On Tue, Oct 22, 2024 at 4:54 PM Masahiko Sawada <sawada(dot)mshk(at)gmail(dot)com> wrote:
>
> Sorry for the very late reply.
>
> On Tue, Jul 30, 2024 at 8:54 PM Hayato Kuroda (Fujitsu)
> <kuroda(dot)hayato(at)fujitsu(dot)com> wrote:
> >
> > Dear Sawada-san,
> >
> > > Thank you for testing!
> >
> > I tried to profile the vacuuming with the larger case (40 workers for the 20G table)
> > and attached FlameGraph showed the result. IIUC, I cannot find bottlenecks.
> >
> > > > 2.
> > > > I compared parallel heap scan and found that it does not have compute_worker
> > > API.
> > > > Can you clarify the reason why there is an inconsistency?
> > > > (I feel it is intentional because the calculation logic seems to depend on the
> > > heap structure,
> > > > so should we add the API for table scan as well?)
> > >
> > > There is room to consider a better API design, but yes, the reason is
> > > that the calculation logic depends on table AM implementation. For
> > > example, I thought it might make sense to consider taking the number
> > > of all-visible pages into account for the calculation of the number of
> > > parallel workers as we don't want to launch many workers on the table
> > > where most pages are all-visible. Which might not work for other table
> > > AMs.
> > >
> >
> > Okay, thanks for confirming. I wanted to ask others as well.
> >
> >
> > > I'm updating the patch to implement parallel heap vacuum and will
> > > share the updated patch.

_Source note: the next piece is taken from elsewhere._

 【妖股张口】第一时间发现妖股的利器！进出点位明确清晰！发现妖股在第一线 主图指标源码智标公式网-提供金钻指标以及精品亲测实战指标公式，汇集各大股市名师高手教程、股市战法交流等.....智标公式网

It might take time as it requires to
> > > implement shared iteration support in radx tree.
> >
> > Here are other preliminary comments for v2 patch. This does not contain
> > cosmetic ones.
> >
> > 1.
> > Shared data structure PHVShared does not contain the mutex lock. Is it intentional
> > because they are accessed by leader only after parallel workers exit?
> >
>
> Yes, the fields in PHVShared are read-only for workers. Since no
> concurrent reads/writes happen on these fields we don't need to
> protect them.
>
> > 2.
> > Per my understanding, the vacuuming goes like below steps.
> >
> > a. paralell workers are launched for scanning pages
> > b. leader waits until scans are done
> > c. leader does vacuum alone (you may extend here...)
> > d. parallel workers are launched again to cleanup indeces
> >
> > If so, can we reuse parallel workers for the cleanup? Or, this is painful
> > engineering than the benefit?
>
> I've not thought of this idea but I think it's possible from a
> technical perspective. It saves overheads of relaunching workers but
> I'm not sure how much it would help for a better performance and I'm
> concerned it would make the code complex. For example, different
> numbers of workers might be required for table vacuuming and index
> vacuuming. So we would end up increasing or decreasing workers.
>
> > 3.
> > According to LaunchParallelWorkers(), the bgw_name and bgw_type are hardcoded as
> > "parallel worker ..." Can we extend this to improve the trackability in the
> > pg_stat_activity?
>
> It would be a good improvement for better trackability. But I think we
> should do that in a separate patch as it's not just a problem for
> parallel heap vacuum.
>
> >
> > 4.
> > I'm not the expert TidStore, but as you said TidStoreLockExclusive() might be a
> > bottleneck when tid is added to the shared TidStore. My another primitive idea
> > is that to prepare per-worker TidStores (in the PHVScanWorkerState or LVRelCounters?)
> > and gather after the heap scanning. If you extend like parallel workers do vacuuming,
> > the gathering may not be needed: they can access own TidStore and clean up.
> > One downside is that the memory consumption may be quite large.
> >
>
> Interesting idea. Suppose we support parallel heap vacuum as well, we
> wouldn't need locks and to support shared-iteration on TidStore. I
> think each worker should use a fraction of maintenance_work_mem.
> However, one downside would be that we need to check as many TidStore
> as workers during index vacuuming.

On further thoughts, I think this idea doesn't go well. The index
vacuuming is the most time-consuming phase among vacuum phases, I
think it would not be a good idea to make it slower even if we can do
parallel heap scan and heap vacuum without any locking. Also, merging
multiple TidStore to one is not straightforward since the block ranges
that each worker processes are overlapped.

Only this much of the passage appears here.